(Short descriptive text snippets)
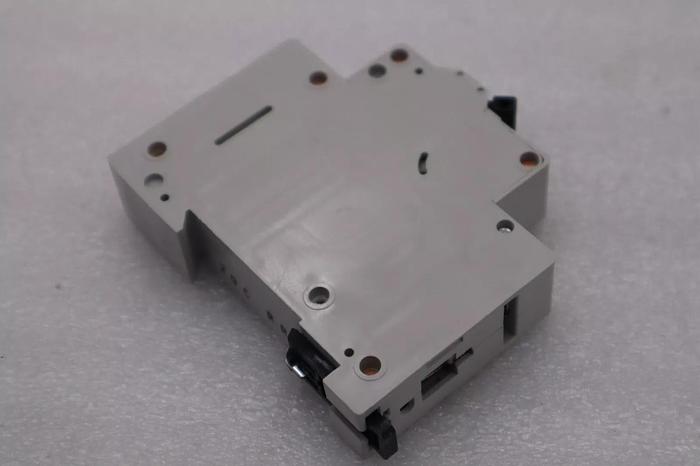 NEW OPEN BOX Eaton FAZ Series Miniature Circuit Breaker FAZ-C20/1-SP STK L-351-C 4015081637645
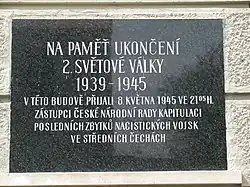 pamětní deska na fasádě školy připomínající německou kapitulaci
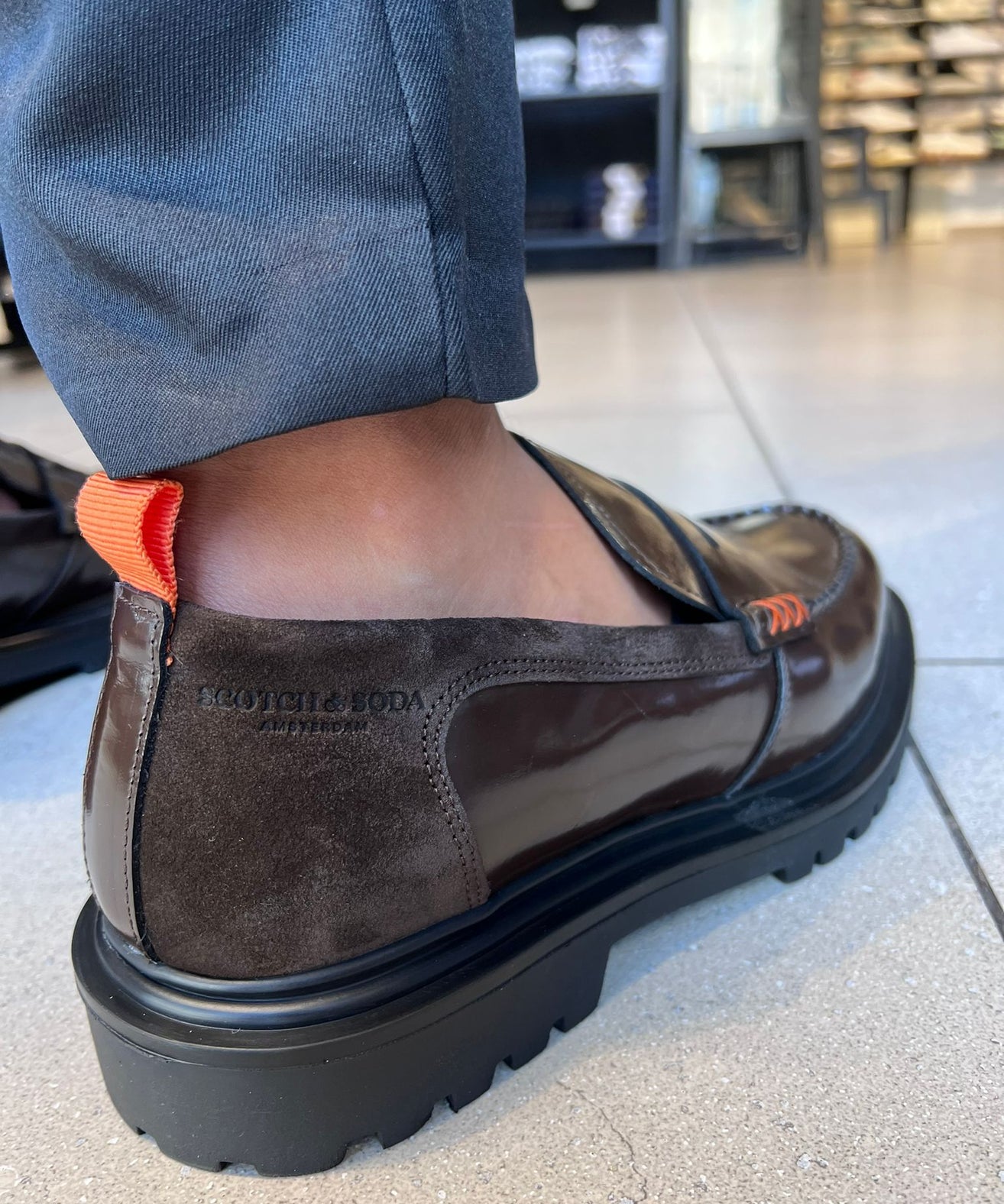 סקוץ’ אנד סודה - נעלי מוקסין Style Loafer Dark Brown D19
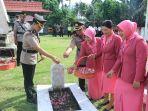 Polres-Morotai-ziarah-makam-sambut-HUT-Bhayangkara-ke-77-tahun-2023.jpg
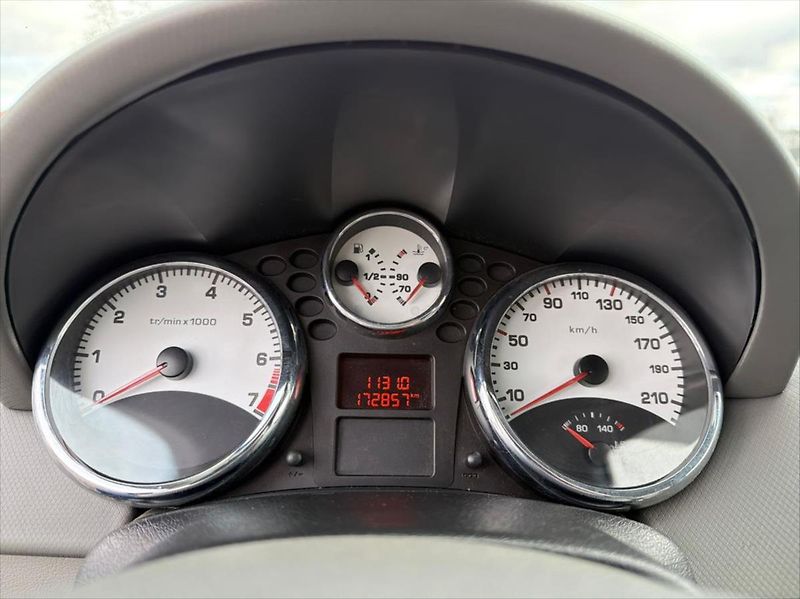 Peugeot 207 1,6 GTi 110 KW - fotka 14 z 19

WHAT YOU SHOULD DO. The lines from the one containing "סקוץ’ אנד סודה" through the last line of the data above are to be transcribed exactly, both included, with all pictures left out.

FINAL ANSWER.
 סקוץ’ אנד סודה - נעלי מוקסין Style Loafer Dark Brown D19
 Polres-Morotai-ziarah-makam-sambut-HUT-Bhayangkara-ke-77-tahun-2023.jpg
 Peugeot 207 1,6 GTi 110 KW - fotka 14 z 19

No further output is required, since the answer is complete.